The sky around it was so clear, serene
With blue, and framed with hills that had been hers
For always, and which lifted up a silence
She had loved. These thresholds were her friends,
These white walls leaning, and the narrow doors,
And she could watch the shadows and the slant
Of sun, and turn a corner so, and hear
The farther crowing of a cock, and guess
That in the marketplace were dusty sheep
She could not hear; and passing on, she marked
With deeper care that from an opened window
Rose the sound of psalms. She was at home.
few streets and the ruts in them were home,
And she was sure, and young, and now the others
At the well had called to her, and said
Among them it was Mary who had come.

…
And smiling in the peace that mantled her,
She reached her father’s door again and stepped
Within to old repeated tasks and cares
That for these brief months still would be her own.
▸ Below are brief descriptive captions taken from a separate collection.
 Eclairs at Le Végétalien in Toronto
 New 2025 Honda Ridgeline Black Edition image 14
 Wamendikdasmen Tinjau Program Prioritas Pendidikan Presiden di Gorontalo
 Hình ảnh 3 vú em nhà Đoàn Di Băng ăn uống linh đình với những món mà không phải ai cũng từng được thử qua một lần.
No change had come because the plighted word
Of Joseph had been said, and villagers
Could recognize she was betrothed to him.
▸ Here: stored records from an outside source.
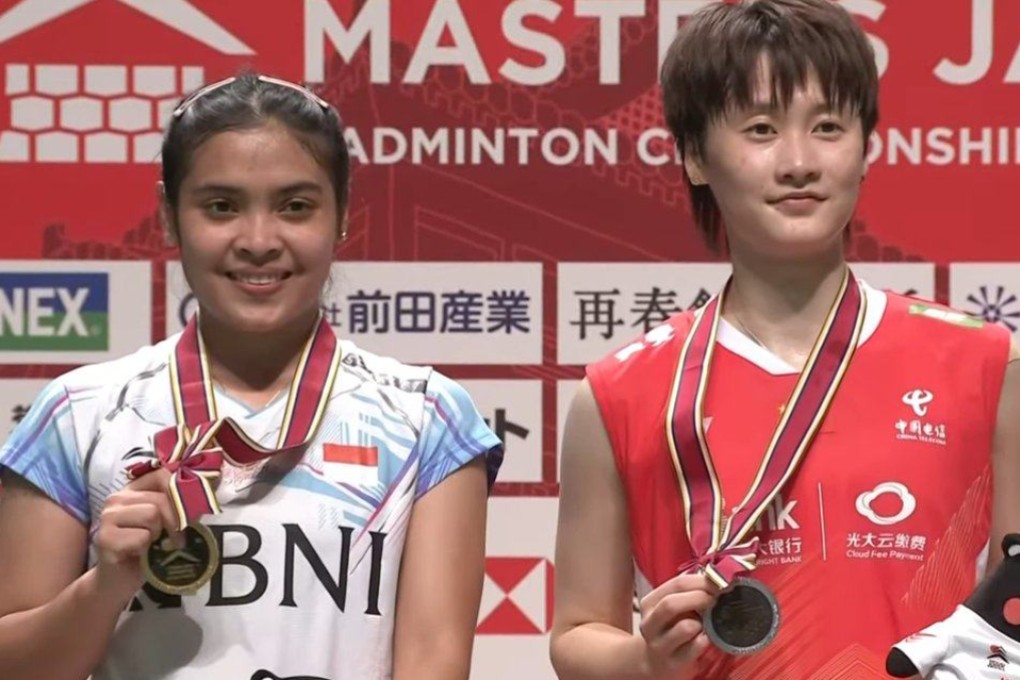 Gregoria Mariska Tunjung (left) celebrates winning the Kumamoto Masters title in Japan. Photo: X/@BadmintonTalk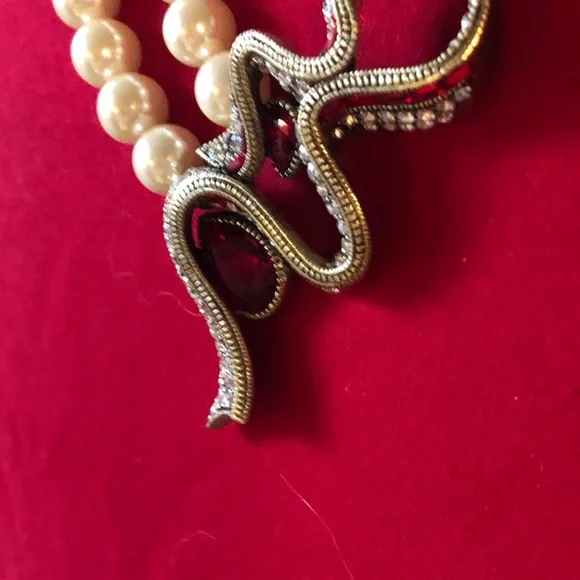 Heidi Daus 🆕 “Sweeter Than Candy”Swarovski Crystals Necklace & cream beads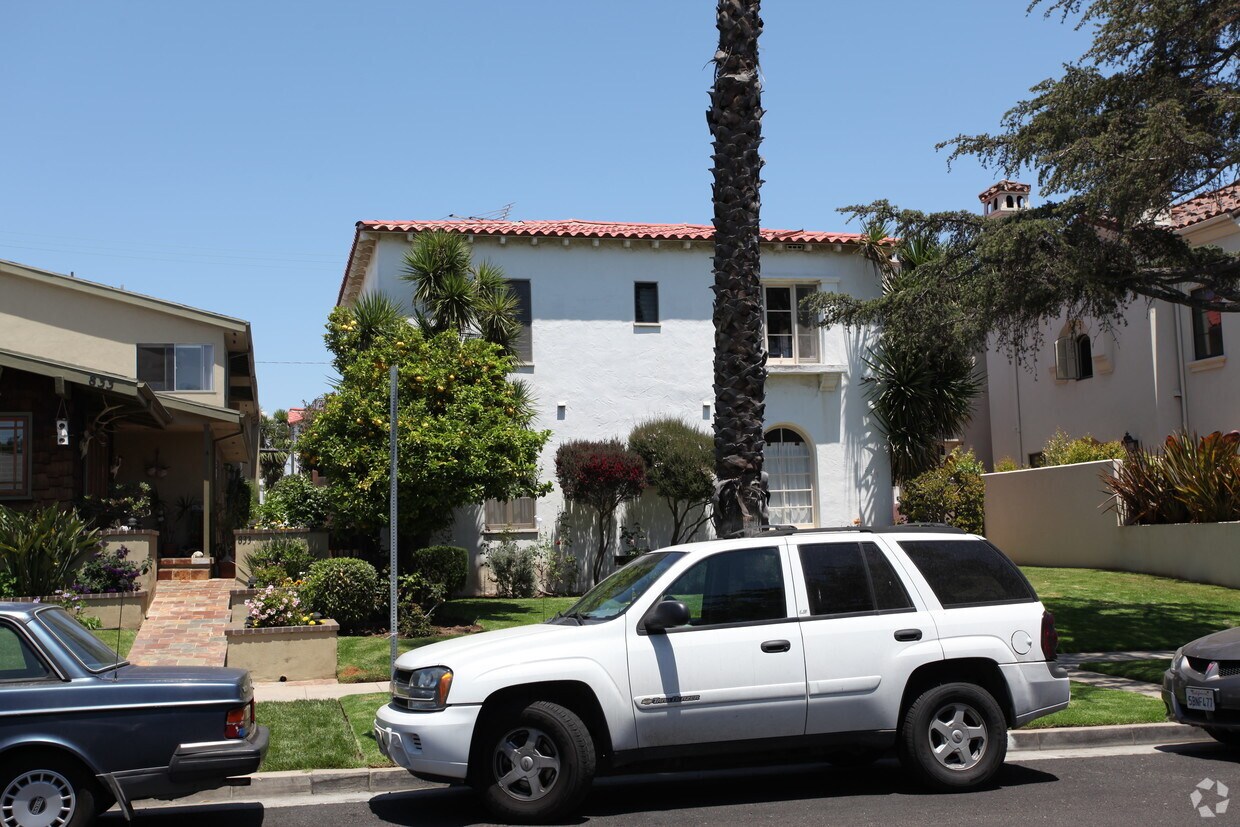 Foto principal - 837 9th St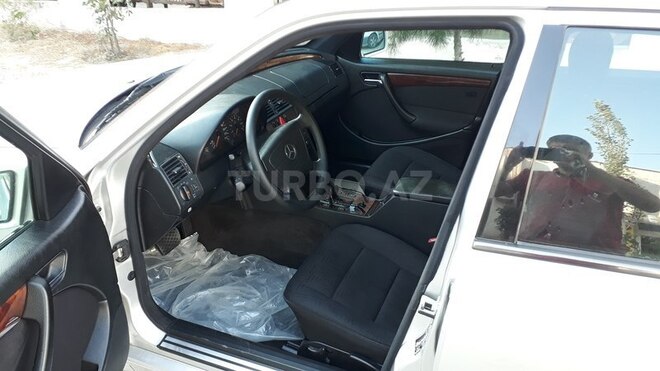 Mercedes C 180 1999, 254,000 km - 1.8 л - Bakı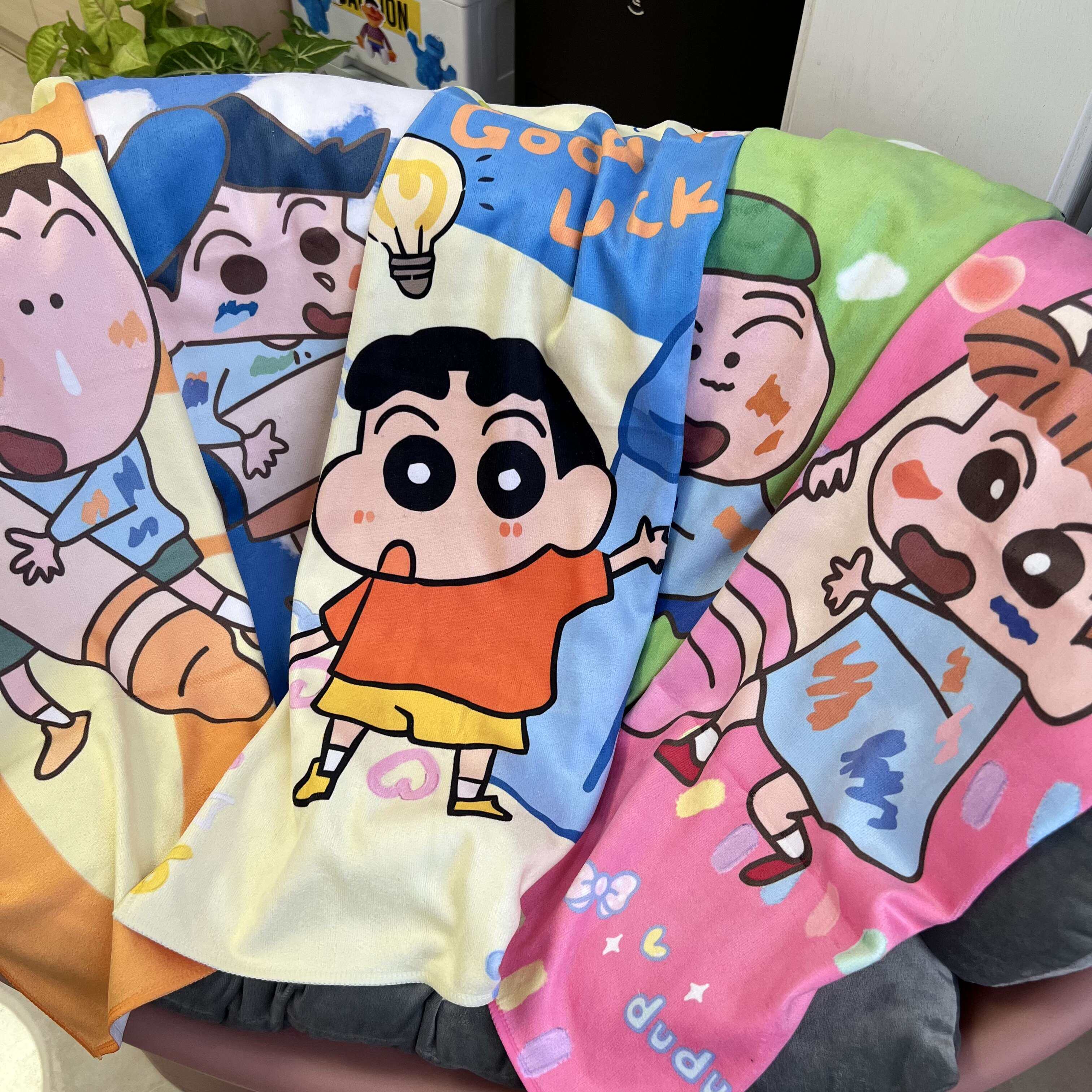 卡通居家情侣彩色毛巾浴巾吸水柔软游泳健身儿童蜡笔小新跑步运动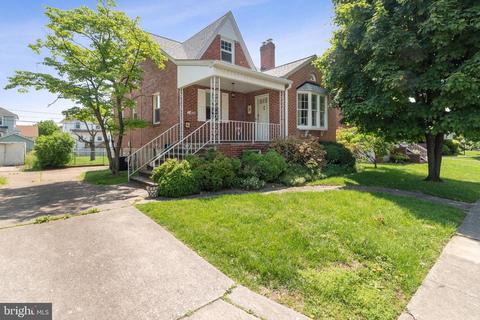 5511 Willys Ave, Halethorpe, MD 21227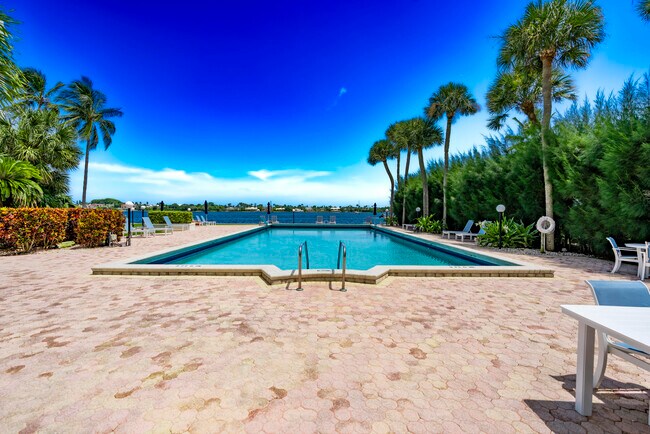 Building Photo - 2800 N Flagler Dr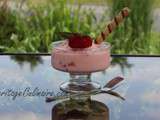 Crème glacée aux fraises et sirop d’érable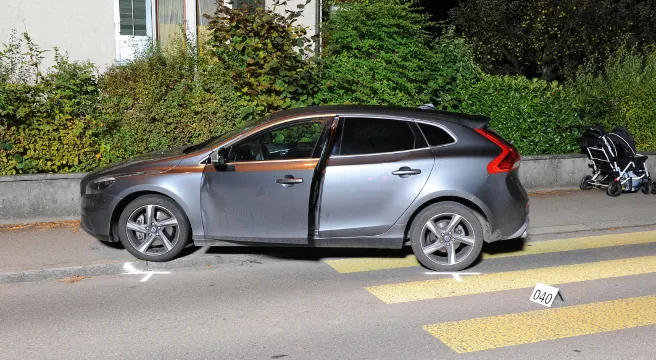Oberglatt: Familie mit Kinderwagen angefahren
The spinning must be done, the weaving threads
Be caught and mended, and the knots untied,
The pans and ovens filled with bread, the crusts
Must still be hoarded, and the counted needs
Of poverty be met. She walked upon
The stairs and watched for Joachim, and called
Across the street to neighbors and received
Their news, and when the day was bright, she closed
The shutters to the sun.

She woke, and slept,
And moved, and bound her hair up in a braid.
She saved the moments out that gave her heart
To God, as she had always done, and all
Around her, Nazareth was small and old
And settled on its hills, and kept the old
Ways it had learned. She was a young girl here….
But when across the years we see her so,
Our generation finds it hard to think
Of her as one with us. Our stains have made
Us hesitant, and sad remembrance curls
And turns within to slow the prideful binding
To ourselves, as if the very claim
Could soil in her the grace whose essence is
It is not soiled. This name is benediction
On our blood, defense and refuge, hope
And harbor, and our one fair memory
Of innocence, and we have known too long
Its silence on the world’s wild clamoring
Not now to know this name is uttered prayer
And not a name.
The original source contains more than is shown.